From the line containing "Science T-shirt I" to the line containing "Постер к фильму El corrido del viejón (2016)" in the records below, set down every line exactly as it stands, both ends included, and skip the pictures.

- **RECORDS SHOWN**

==================================================

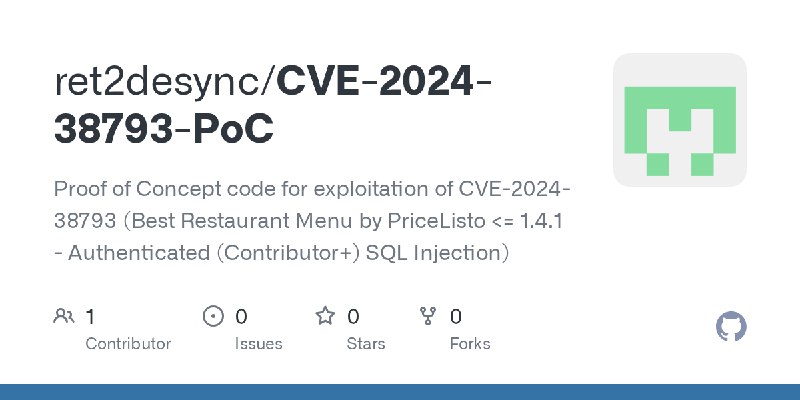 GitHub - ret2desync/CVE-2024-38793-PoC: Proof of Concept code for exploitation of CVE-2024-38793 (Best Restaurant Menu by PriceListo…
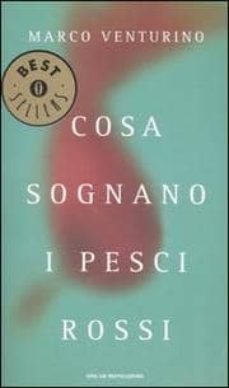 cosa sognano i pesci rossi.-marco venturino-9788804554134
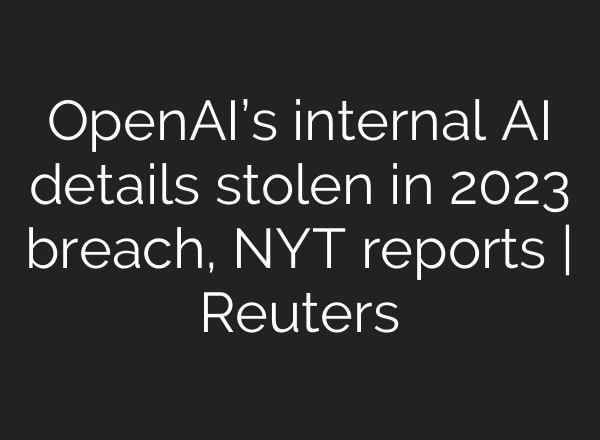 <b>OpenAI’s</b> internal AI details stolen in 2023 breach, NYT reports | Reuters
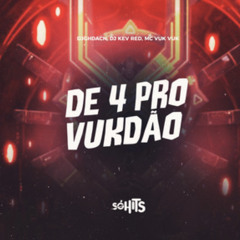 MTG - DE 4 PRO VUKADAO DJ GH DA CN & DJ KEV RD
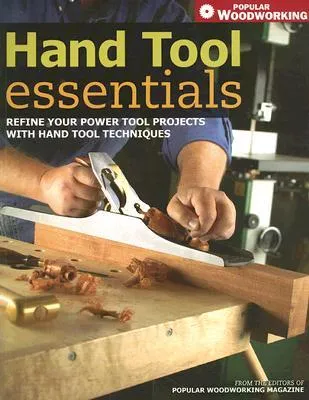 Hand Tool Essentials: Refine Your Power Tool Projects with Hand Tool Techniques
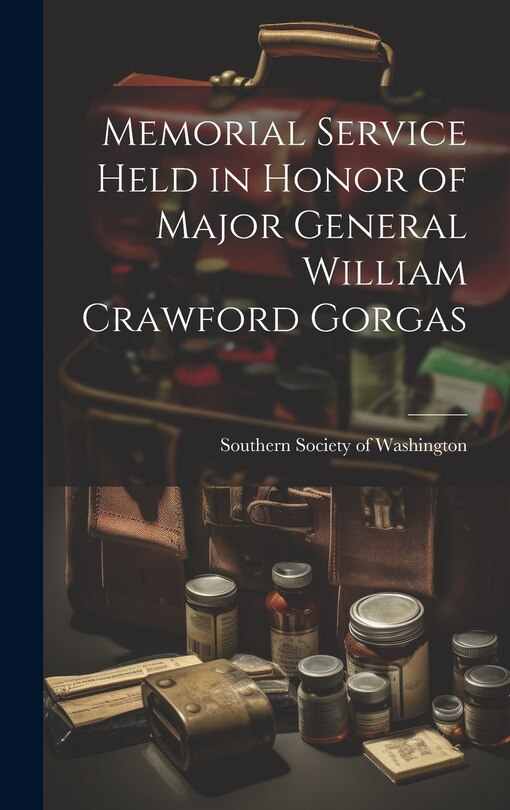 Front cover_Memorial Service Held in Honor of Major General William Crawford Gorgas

==================================================

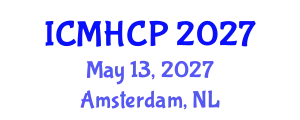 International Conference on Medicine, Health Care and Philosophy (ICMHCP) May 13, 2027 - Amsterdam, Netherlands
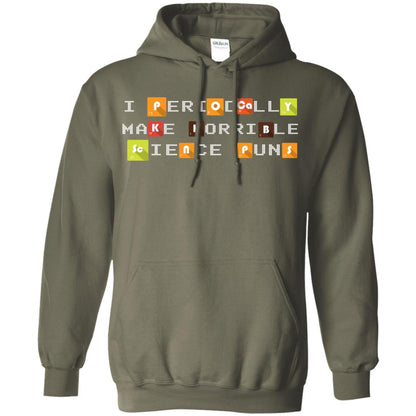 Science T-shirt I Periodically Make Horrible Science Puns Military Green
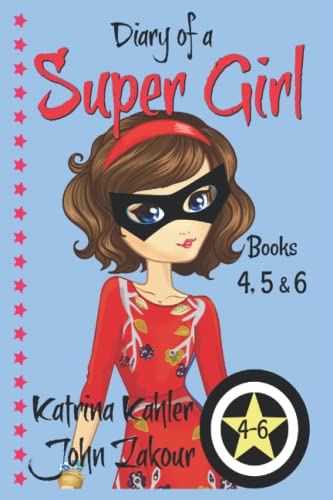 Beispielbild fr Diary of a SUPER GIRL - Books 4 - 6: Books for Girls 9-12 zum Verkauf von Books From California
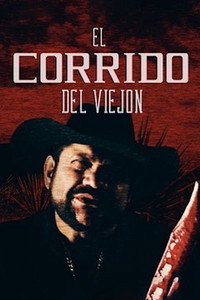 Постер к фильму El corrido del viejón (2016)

==================================================

- **RESPONSE**
 Science T-shirt I Periodically Make Horrible Science Puns Military Green
 Beispielbild fr Diary of a SUPER GIRL - Books 4 - 6: Books for Girls 9-12 zum Verkauf von Books From California
 Постер к фильму El corrido del viejón (2016)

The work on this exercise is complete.